Reputation: 163
I need to find the number of pods currently NOT terminated (can be available, terminating, etc.) in order to prevent deployment from starting if there are still some pods not terminated.
UPDATE: If there are no pods available, I should get "0". Is it possible ?
Upvotes: 16
Views: 46706
Reputation: 5003
You can try:
kubectl get pods --field-selector=status.phase!=Succeeded,status.Phase!=Failed
If you look at the Pod Phases you can see that this covers all possible pods where all containers are terminated (either failed or succeeded)
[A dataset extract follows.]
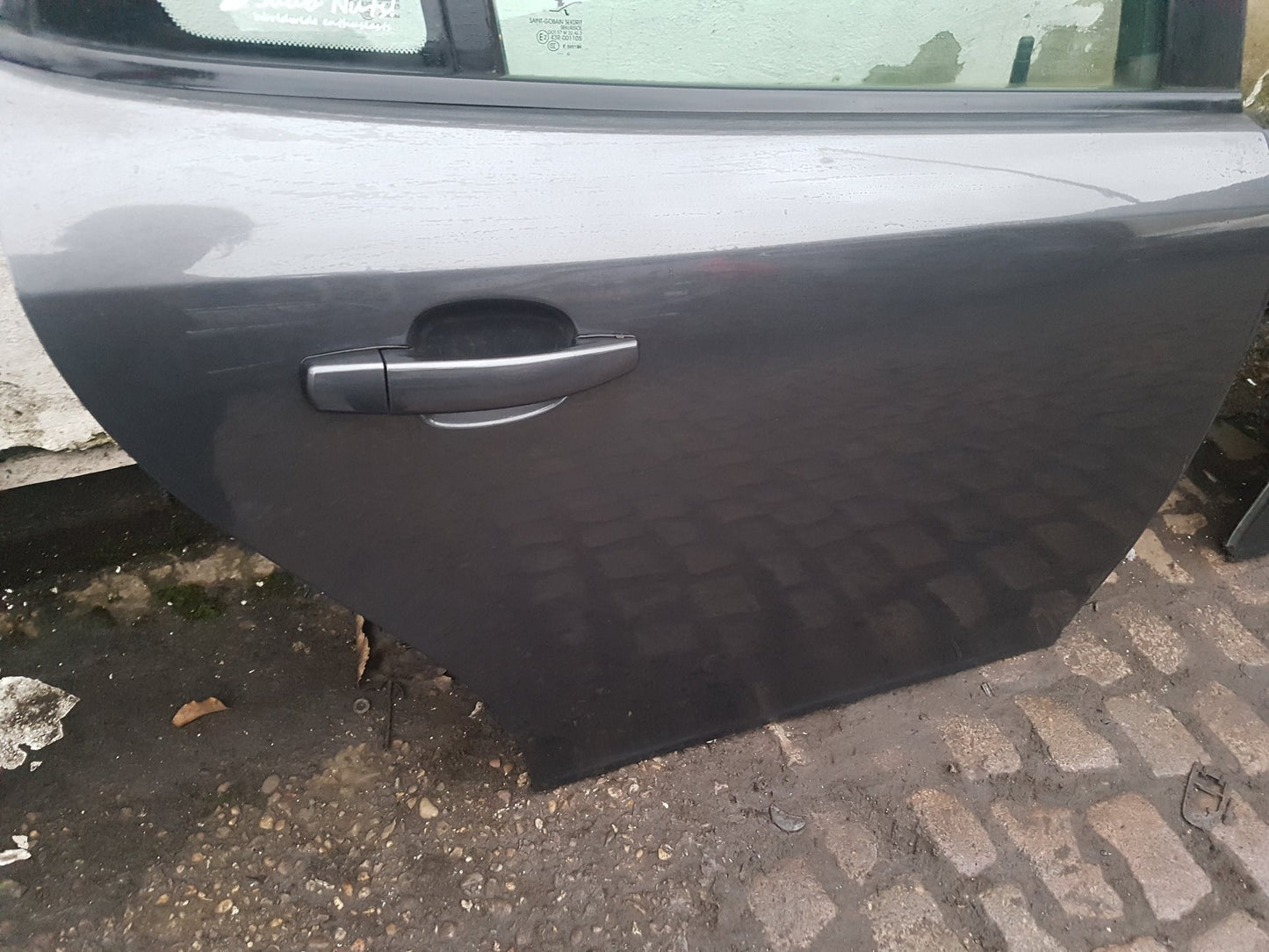 2010  9-3 Turbo Edition Tid E4 4 Dohc  Saloon DOOR - BARE (REAR DRIVER SIDE)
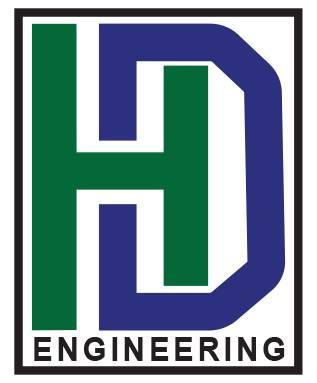 H&D ENGINEERING Logo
If you specifically want the count you could use a bit of jq
and use:
kubectl get pods --field-selector=status.phase!=Succeeded,status.phase!=Failed --output json | jq -j '.items | length'
This returns the # of pods that are not Terminated
.
Upvotes: 25
Reputation: 91
If you are on Linux, you can use the command line tool wc
(wordcount) to count the lines of kubectl
(combined with the no headers option) like this:
kubectl get pods --no-headers | wc -l
Upvotes: 9
Reputation: 28811
As an alternative to the jq
answer, here is a wc -l
answer
k3s kubectl get pods --output name | wc -l
This is somewhat more convenient in that jq
may not be always installed.
Upvotes: 5
Reputation: 13759
If your use case is making sure you only have a single instance/replica of your application running at any given time, maybe it's better to rely on built-in Kubernetes options to handle that.
You can configure your Deployment object using replicas
, maxUnavailable
and maxSurge
to control how many instances are created of your application.